Melalui Jasa Financial Modeling Tangerang, Konsultan Pajak Tangerang membantu perusahaan membangun model keuangan yang mampu memproyeksikan berbagai skenario bisnis secara terukur. Financial Model menjadi alat penting bagi manajemen, investor, maupun kreditur dalam mengevaluasi peluang, risiko, dan kelayakan suatu keputusan.

Model keuangan yang baik tidak hanya menghasilkan angka, tetapi juga memberikan gambaran mengenai dampak setiap keputusan terhadap profitabilitas, arus kas, serta nilai perusahaan di masa depan.

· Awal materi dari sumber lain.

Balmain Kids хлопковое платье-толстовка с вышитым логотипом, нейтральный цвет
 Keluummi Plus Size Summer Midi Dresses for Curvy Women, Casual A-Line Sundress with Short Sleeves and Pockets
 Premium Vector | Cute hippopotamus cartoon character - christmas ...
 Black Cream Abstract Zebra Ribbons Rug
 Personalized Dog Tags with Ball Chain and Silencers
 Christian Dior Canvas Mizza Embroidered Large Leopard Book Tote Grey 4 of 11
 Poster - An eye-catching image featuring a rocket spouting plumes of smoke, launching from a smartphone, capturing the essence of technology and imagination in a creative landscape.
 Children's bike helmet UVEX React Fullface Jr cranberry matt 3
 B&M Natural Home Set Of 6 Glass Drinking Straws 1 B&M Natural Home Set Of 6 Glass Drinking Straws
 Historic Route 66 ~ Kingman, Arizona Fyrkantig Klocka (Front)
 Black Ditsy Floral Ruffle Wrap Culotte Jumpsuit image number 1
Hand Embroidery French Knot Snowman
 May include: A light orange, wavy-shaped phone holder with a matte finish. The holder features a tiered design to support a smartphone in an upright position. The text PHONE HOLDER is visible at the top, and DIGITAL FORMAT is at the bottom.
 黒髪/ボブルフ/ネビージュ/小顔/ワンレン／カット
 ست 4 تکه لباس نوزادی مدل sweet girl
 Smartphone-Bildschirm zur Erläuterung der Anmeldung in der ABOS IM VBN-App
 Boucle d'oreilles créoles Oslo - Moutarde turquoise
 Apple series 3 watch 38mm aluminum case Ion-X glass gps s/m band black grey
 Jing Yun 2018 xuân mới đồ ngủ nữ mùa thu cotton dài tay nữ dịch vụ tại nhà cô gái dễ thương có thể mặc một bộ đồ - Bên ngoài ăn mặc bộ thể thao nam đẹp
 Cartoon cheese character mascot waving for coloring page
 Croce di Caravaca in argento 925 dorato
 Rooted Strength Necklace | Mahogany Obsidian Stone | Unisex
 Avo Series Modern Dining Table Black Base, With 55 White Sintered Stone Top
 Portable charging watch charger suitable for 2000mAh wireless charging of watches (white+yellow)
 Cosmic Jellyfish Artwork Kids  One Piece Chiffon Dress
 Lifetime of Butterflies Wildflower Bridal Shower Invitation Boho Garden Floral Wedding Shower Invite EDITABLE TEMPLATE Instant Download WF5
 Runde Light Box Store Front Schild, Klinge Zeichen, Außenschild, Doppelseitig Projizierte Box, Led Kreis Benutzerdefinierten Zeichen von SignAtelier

Apa Itu Financial Modeling?

Financial Modeling adalah proses membangun model keuangan menggunakan data historis, asumsi bisnis, dan proyeksi masa depan untuk memperkirakan kinerja perusahaan.

Model ini biasanya dibuat menggunakan spreadsheet maupun aplikasi analisis keuangan sehingga mampu mensimulasikan berbagai kondisi bisnis.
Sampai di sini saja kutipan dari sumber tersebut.